Nearly 2000 years ago, the New Testament, or New Covenant, came into being. Its principle language is Greek, the most common tongue of the first few centuries after Christ. The New Testament begins with the four gospels of Matthew, Mark, Luke, and John. The first three very similar, yet each has a different emphasis concerning the person and work of Jesus Christ, the obvious and principle character of all four of the gospels. Matthew, Mark, and Luke are sometimes called the “synoptic gospels”, because all three see many of the same things in the life of Christ, even though each is still different. John, the fourth gospel, is dramatically different though it, too, focuses on the person and work of Christ.
While Matthew dwells on the royalty and kingship of Christ, complete with His genealogical bloodline, Luke concentrates on the humanity of Jesus, appropriate to the pen of a doctor, the occupation of Luke, who penned it. Mark emphasizes the servanthood aspect of Christ who came, said Mark, “Not to be ministered unto, but to minister.” Arriving, then, at John’s gospel, everything changes. It is not the kingship of Christ, nor the humanity of Christ, nor the servanthood of Christ that is set forth. It is His deity, His being very God a very God, the divine Logos “who was in the beginning with God and without whom nothing was made that was made.“
So emphatically does Christ claim His oneness with the Father that the Jews actually took up stones to stone Him, believing He had made Himself to be equal with God. In point of fact, He did precisely that, and did not attempt to deny the charge before His accusers.
These four dramatic gospels, biographies of Christ, are followed with the Acts of the Apostles, a very critical and principle history book of the New Testament. The book of Acts is the vital bridge between the gospels and the epistles. It recounts the strategic morphing of Jew and Gentile into one new body of Christ, a spiritual organism comprised of all believers in Christ, with this risen Christ as the ascended and glorified Head.

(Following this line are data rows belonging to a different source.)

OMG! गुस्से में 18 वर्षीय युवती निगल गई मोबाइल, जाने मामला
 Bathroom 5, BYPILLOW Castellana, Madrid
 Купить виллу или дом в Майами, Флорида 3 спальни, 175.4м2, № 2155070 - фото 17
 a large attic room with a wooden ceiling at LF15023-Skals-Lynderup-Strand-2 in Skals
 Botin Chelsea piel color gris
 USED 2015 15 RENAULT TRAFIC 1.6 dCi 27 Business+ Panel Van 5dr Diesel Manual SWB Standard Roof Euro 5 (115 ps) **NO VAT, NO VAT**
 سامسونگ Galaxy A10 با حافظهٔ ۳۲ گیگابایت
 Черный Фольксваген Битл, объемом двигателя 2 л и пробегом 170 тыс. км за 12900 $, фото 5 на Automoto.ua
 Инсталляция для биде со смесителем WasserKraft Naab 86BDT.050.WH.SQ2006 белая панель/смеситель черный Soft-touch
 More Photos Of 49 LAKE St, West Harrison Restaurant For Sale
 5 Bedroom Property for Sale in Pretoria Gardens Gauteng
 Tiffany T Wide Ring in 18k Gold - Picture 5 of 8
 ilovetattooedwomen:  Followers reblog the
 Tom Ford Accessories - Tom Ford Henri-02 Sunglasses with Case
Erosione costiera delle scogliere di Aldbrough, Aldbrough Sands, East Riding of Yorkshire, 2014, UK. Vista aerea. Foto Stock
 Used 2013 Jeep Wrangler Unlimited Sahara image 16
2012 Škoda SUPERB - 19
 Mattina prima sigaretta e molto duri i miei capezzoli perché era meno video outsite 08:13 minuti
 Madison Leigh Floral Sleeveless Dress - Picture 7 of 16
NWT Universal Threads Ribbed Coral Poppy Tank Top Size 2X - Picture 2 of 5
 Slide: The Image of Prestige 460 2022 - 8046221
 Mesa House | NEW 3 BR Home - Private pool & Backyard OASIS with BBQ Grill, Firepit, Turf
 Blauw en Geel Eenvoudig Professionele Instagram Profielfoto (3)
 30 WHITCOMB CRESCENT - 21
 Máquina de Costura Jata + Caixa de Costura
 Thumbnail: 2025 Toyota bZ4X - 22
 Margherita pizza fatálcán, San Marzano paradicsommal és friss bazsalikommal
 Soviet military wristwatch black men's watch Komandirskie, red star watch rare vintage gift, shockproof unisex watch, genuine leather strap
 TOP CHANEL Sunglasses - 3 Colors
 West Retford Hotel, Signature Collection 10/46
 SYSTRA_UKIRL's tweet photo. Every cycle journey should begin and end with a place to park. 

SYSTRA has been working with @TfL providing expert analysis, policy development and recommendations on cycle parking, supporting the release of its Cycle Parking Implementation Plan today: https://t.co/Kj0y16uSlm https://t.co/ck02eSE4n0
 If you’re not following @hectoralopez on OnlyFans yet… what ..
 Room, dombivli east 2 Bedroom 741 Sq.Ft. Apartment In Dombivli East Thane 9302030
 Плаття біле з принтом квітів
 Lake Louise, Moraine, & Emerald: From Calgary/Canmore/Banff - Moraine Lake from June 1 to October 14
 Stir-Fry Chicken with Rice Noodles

The Church epistles follow as Paul wrote to seven churches, plus personal letters to Timothy, Titus, and Philemon. Completing the New Testament are the general epistles of Hebrews, James, Peter and John and Jude, with the capstone depicting the risen, glorified Christ returning to earth to finish unsettled business in the Second Coming. Thus, the eternal state becomes the capstone of all God’s dealings with man, commencing in the Old Testament and concluding in the New.